C’est vrai qu’au sein de la ville de Rey, la mère des villes du monde, furent enterrés les squelettes des zoroastriens, après avoir été séparés de leur chair. En effet pour les zoroastriens les quatre éléments de la nature, le vent, l’eau, la terre et le feu, sont des éléments sacrés et les zoroastriens n’enterraient pas à l’époque les morts dans la terre. De même, était-il illicite de mettre le cadavre dans l’eau ou bien de le brûler dans le feu parce que selon le livre sacré " Vandidâd ", le cadavre salit la nature une fois exposé aux quatre éléments. De ce fait ils mettaient le corps dans une tour du silence en hauteur pour que les animaux charognards comme le chien ou le vautour en mangent la chair. Puis ils plaçaient les os dans une tombe construite de pierre ou de boue et qui s’appelle "Ostodân", ou dans la langue pehlevi "Astodân". La première partie du mot signifie l’os, tandis que la deuxième (dan) est un suffixe signifiant le lieu. Dans le sixième chapitre de Vandidâd, il est écrit :
- ô, Créateur du monde charnel, Toi qui es sacré, laisse-moi savoir où faut-il emporter le cadavre du mort et où faut-il le mettre ?
Ahourâmazdâ répondit :
- Il vous faut le mettre en lieu haut au possible. Tout le monde sait que des chiens charognards et des oiseaux nécrophages errent tout le temps dans les hauteurs.

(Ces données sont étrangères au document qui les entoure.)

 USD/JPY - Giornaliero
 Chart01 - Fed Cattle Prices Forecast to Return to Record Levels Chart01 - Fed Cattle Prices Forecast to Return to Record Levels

- ô, Créateur du monde corporel, Toi qui es sacré, laisse-moi savoir où faut-il emmener les os du cadavre et où faut-il les garder ?
Ahourâmazdâ répondit :
- Pour préserver les os, il vous faut faire des récipients spéciaux. Ceux-ci ne doivent pas être à la portée d’un chien, d’un renard et d’un loup, non plus exposés à la pluie1.
Aujourd’hui, le temps nous a éloignés de ces rites zoroastriens et du culte d’Ahourâmazdâ. Pourtant sur le pied des montagnes de la ville de Rey, les structures cylindriques et sans toit sont toujours debout, où la ville même, avec tous ses habitants disparaît derrière le rideau invisible du silence.

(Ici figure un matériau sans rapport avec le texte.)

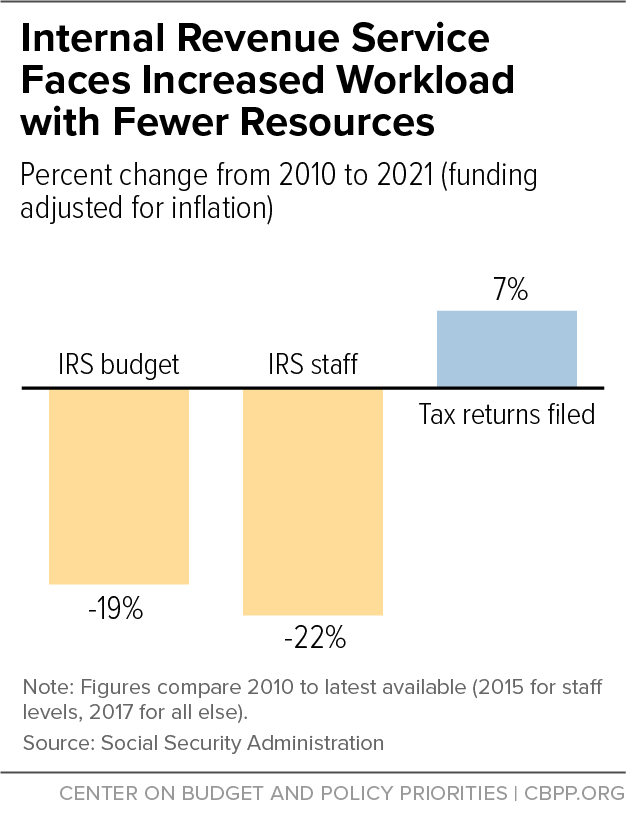 Internal Revenue Service Faces Increased Workload With Fewer Resources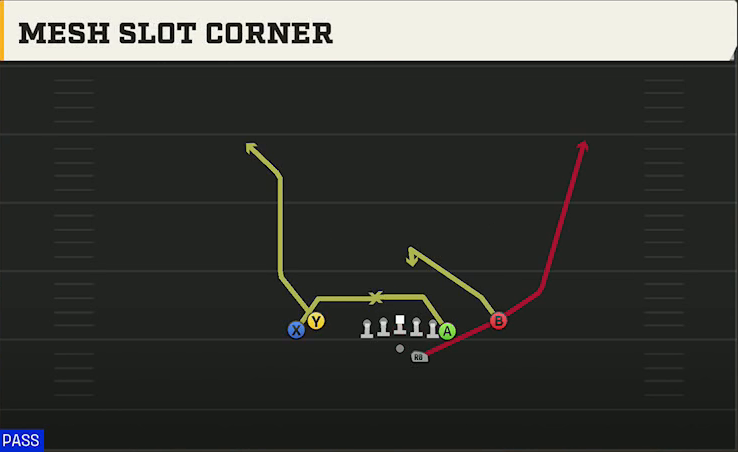 Boston College Offense Gun Tight Y Off Mesh Slot Corner play diagram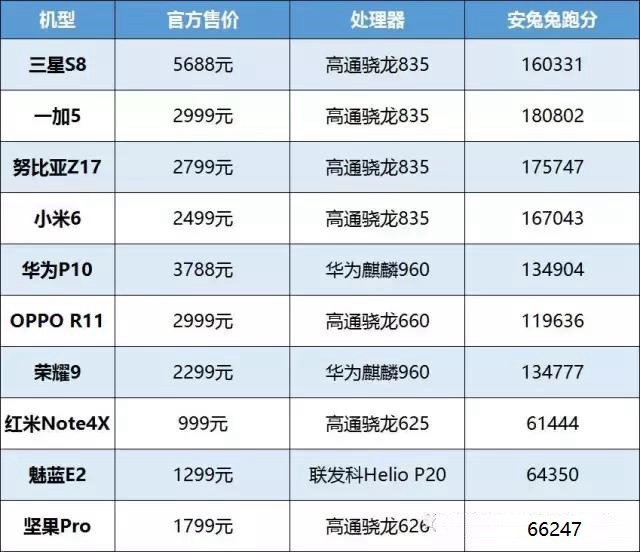 2017上半年最好的安卓手機(jī)TOP10推薦 國(guó)產(chǎn)機(jī)完美逆襲! 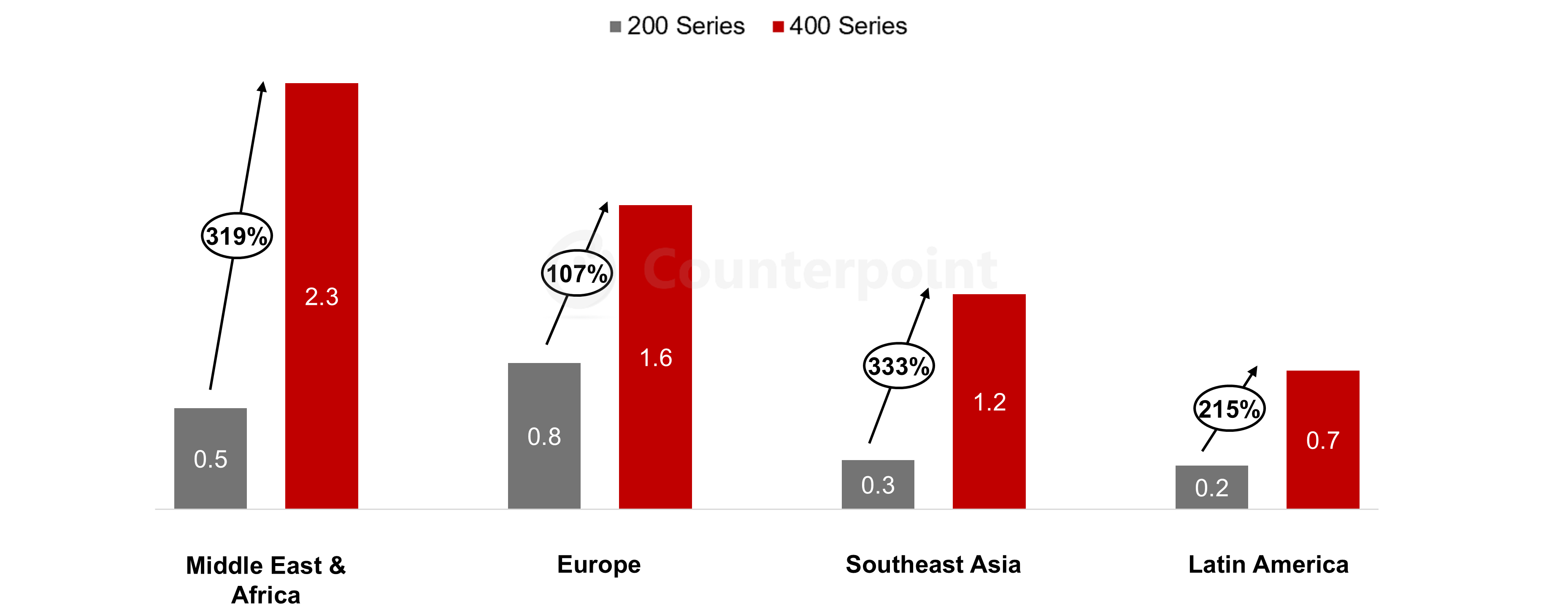 Source: Counterpoint Research Model Sales Tracker Prices are wholesale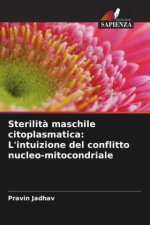 Sterilit? maschile citoplasmatica: L'intuizione del conflitto nucleo-mitocondriale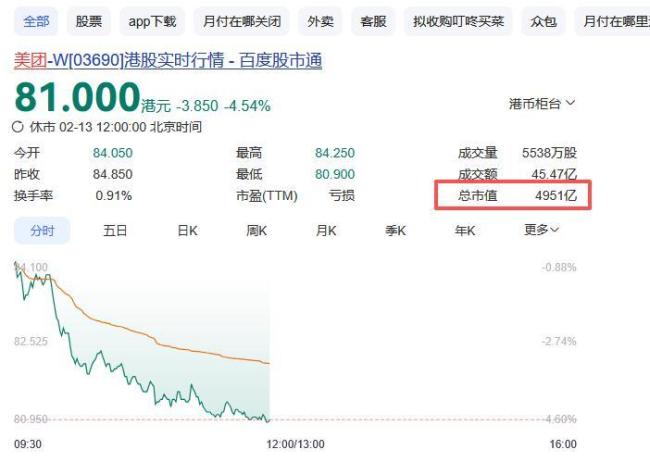 美团市值蒸发超1200亿港元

La Tour du silence de Rey est située au sud de la pente nord de la montagne de Rey, celle qui voisine le mont de Bibi Chahrbânou. Selon le Dr. Hossein Karimân qui a consacré dix sept ans de sa vie à la recherche historique et archéologique sur la ville de Rey, cette tour date de l’époque sassanide. Peut être même est-elle plus ancienne. Elle se situe à 35/36/15.5 de latitude et à 51/28/38,9 de longitude, à une hauteur de 1233 mètres de la surface de la mer. Elle est construite de pierre et de mortier de chaux et avoisine la septième unité de l’usine de ciment de Téhéran. N’est-elle pas étrange et mystérieuse pour ceux que la curiosité attire près d’elle ? A vrai dire, plus on s’approche de cette résidence de la mort, plus on se tait. On dirait que toute parole se brise et que la voix humaine donne sa place au souffle du vent. La Tour du silence tourne le dos à tous ceux qui bougent dehors, à tous ceux qui émettent la chaleur de la vie. Elle se courbe délicatement vers son intérieur embrassant la froideur des os détachés de chair depuis longtemps. Les deux entrées dans les côtés de sud et de l’ouest ont subi des destructions considérables. Le diamètre de la construction mesure environ 20 mètres et la hauteur des murs est de 6 mètres.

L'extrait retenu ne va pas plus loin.